Calculate the pH of a solution (to 2 decimal places) which is 0.106 M in phenol, Ka = 1.0 x 10-10.
Let's let HPh equal phenol with H representing the hydrogen that ionizes and Ph representing the remainder of phenol.
HPh ==> H^+ + Ph^-
Write the Ka expression.
Ka = 1 x 10^-10 = [(H^+)(Ph^-)]/(HPh)
Before the ionization (HPh) = 0.106 M.
Before the ionization (H^+)=(Ph^-)=0
After ionization, (H^+)= x
(Ph^-) = x
(HPh) = 0.106 - x
Plug these variables into the Ka expression and solve for x = (H^+).
Then convert (H^+) to pH with pH = - log(H^+). Post your work if you get stuck.
pH= -log(1.0x10^-10) + log x/0.106-x.
how??
To calculate the pH of a solution, we need to determine the concentration of H+ ions in the solution.
In this case, we are given the concentration of phenol (C6H5OH) in the solution, which is 0.106 M. Phenol is a weak acid, and we are given its Ka value, which is 1.0 x 10^-10.
Phenol can undergo the following equilibrium reaction with water:
C6H5OH (aq) + H2O (l) ⇌ C6H5O- (aq) + H3O+ (aq)
According to the Ka expression, Ka = [C6H5O-][H3O+]/[C6H5OH].
To solve for [H3O+], we can assume that the [C6H5O-] concentration is negligible compared to the [C6H5OH] concentration since phenol is a weak acid.
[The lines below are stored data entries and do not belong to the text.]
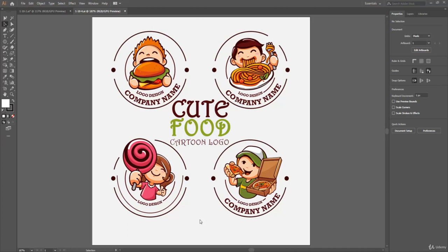In this video, we'll see how to add text on a path. Type on a path flows along the edge of the path, in the direction in which points were added to the path.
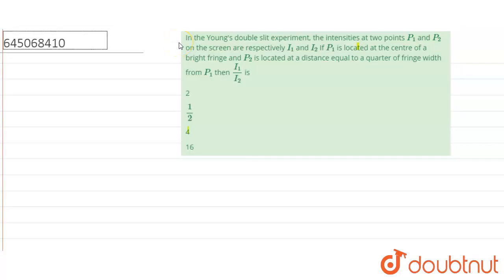Hello everyone. In the Young's Double Slit experiment, the intensities at two points P1 and P2 on the screen are respectively I1 and I2. If P1 is located at the center of a bright fringe and P2 is located at a distance equal to one-quarter of the fringe width from P1, then I1 upon I2 is: 2, half, 4, or 16.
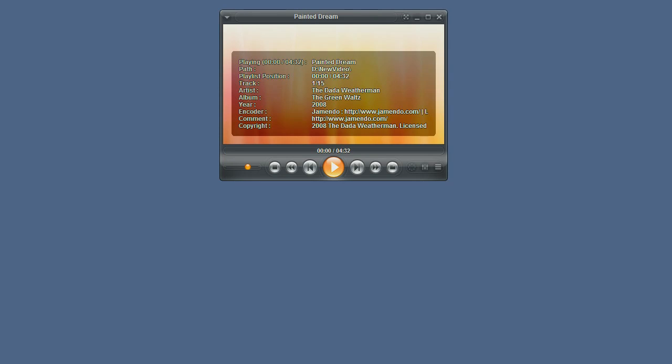Welcome to the ZoomPlayer ringtone creation video tutorial. In this tutorial we'll show you how to create ringtones from any media files, both video and audio.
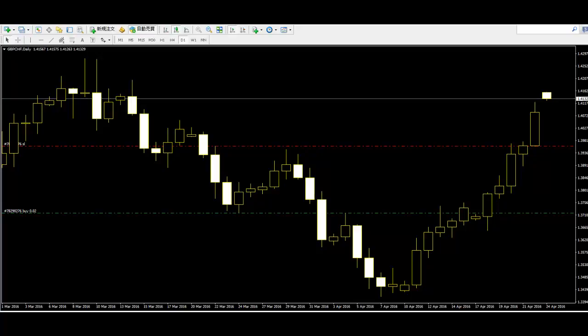Alternatives: The first thing that comes to mind is the alternatives to the candlestick charts. There are hardly any better alternatives to candlesticks. Other used techniques and approaches are bar charts or line charts. However, none of those options is as effective and reliable as candlesticks.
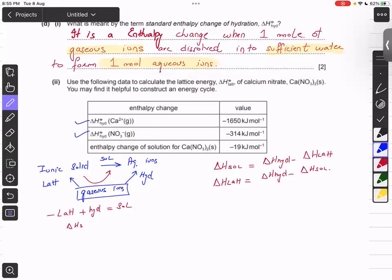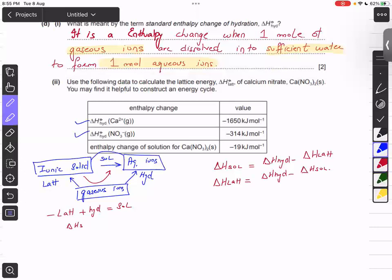If you don't remember the equation, remember the concept: when ionic solid is added to water it forms aqueous ions — that's solution. When gaseous ions become aqueous ions — that's hydration. When gaseous ions become ionic solid — that's lattice energy. From these three you can always reconstruct the equation: minus lattice plus hydration equals solution.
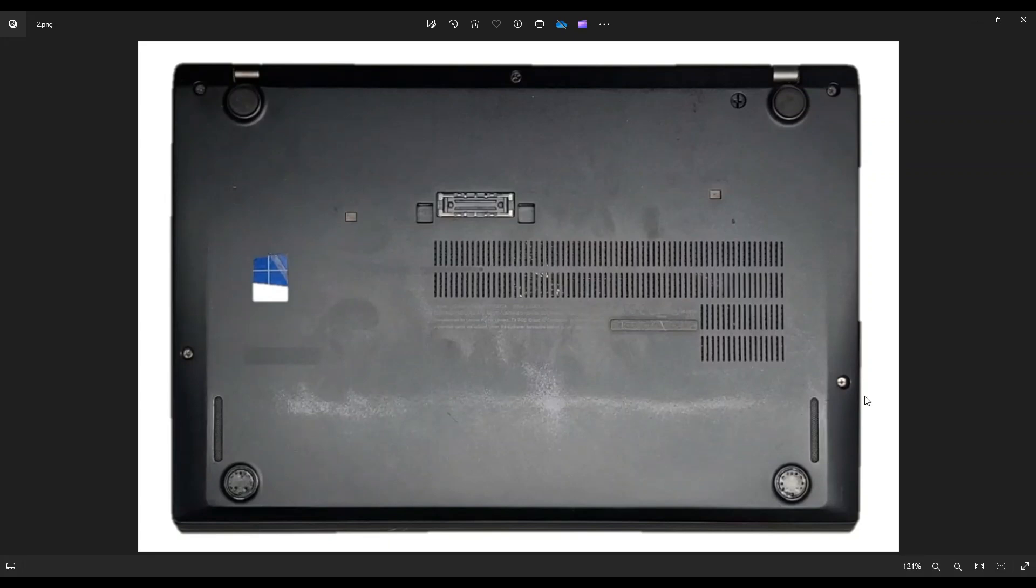Then we're going to take a small, flat, preferably plastic pry tool. I say plastic because metal pry tools can scratch your case a lot more than plastic ones can. We're going to take the pry tool and go across the seam all the way around and gently but firmly pry up this bottom case from the rest of the computer.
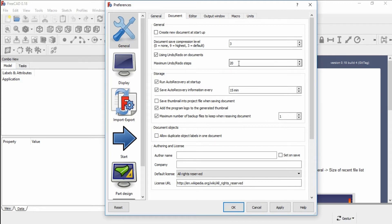You can change the number of undo and redo steps on the documents. The default value is 20 and the maximum value is 99. You can save the auto recovery information every 15 minutes — this is the default.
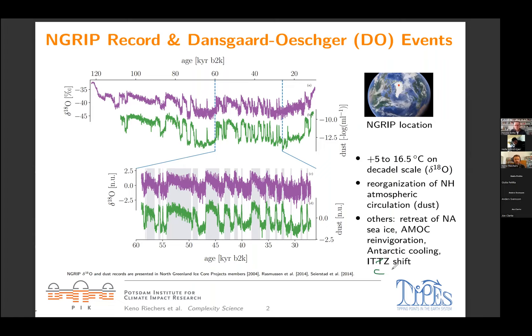For our study, we zoomed into the data a little bit, as you can see on the bottom part of this plot. We concentrated on a shorter time period characterized by a fairly high frequency of DO variability, with many DO events within this time window. On paleoclimate timescales it is a fairly short time period, which allows us to assume that the background climate was more or less stable. Of course, this spans almost 30,000 years, so we get into orbital timescales as well, and background climate is never truly stable, but it is fairly stable over this period. We normalized the data by subtracting the mean and dividing by the standard deviation.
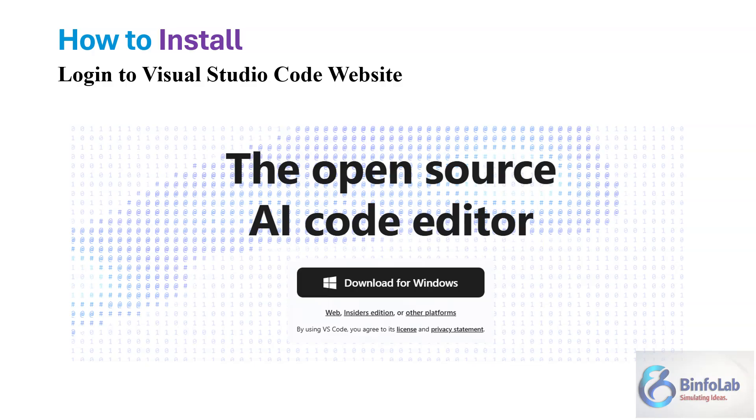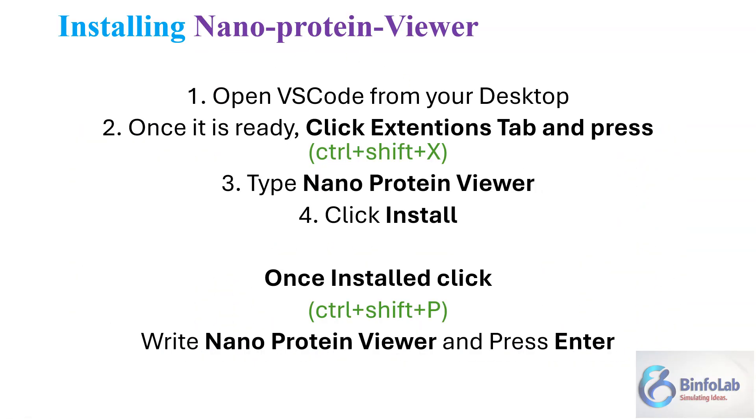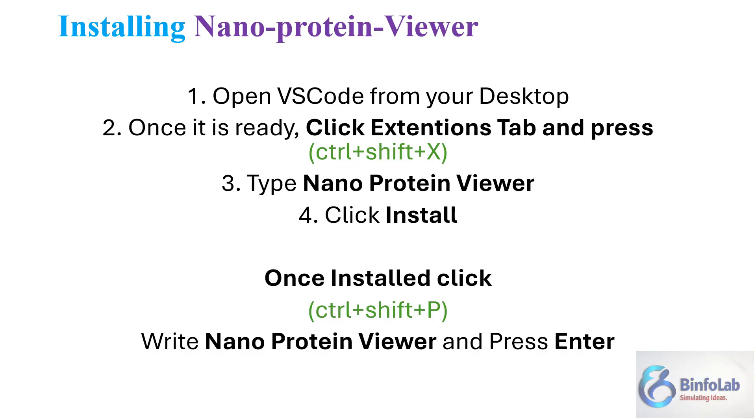On the website you will see at the top this kind of message. If you are using Windows, just click here download for Windows. If you are using some other platform like Linux or Mac, there are other platforms. You can install it easily from here.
Therefore, we can simplify the expression as:
Ka = [H3O+]^2 / [C6H5OH]
Solving for [H3O+], we get:
[H3O+]^2 = Ka * [C6H5OH] = (1.0 x 10^-10)(0.106)
[H3O+] = √(1.0 x 10^-10)(0.106)
[H3O+] ≈ 3.26 x 10^-6 M
Since pH is defined as -log[H3O+], we can calculate the pH as:
pH = -log(3.26 x 10^-6)
pH ≈ 5.49
Therefore, the pH of the solution is approximately 5.49.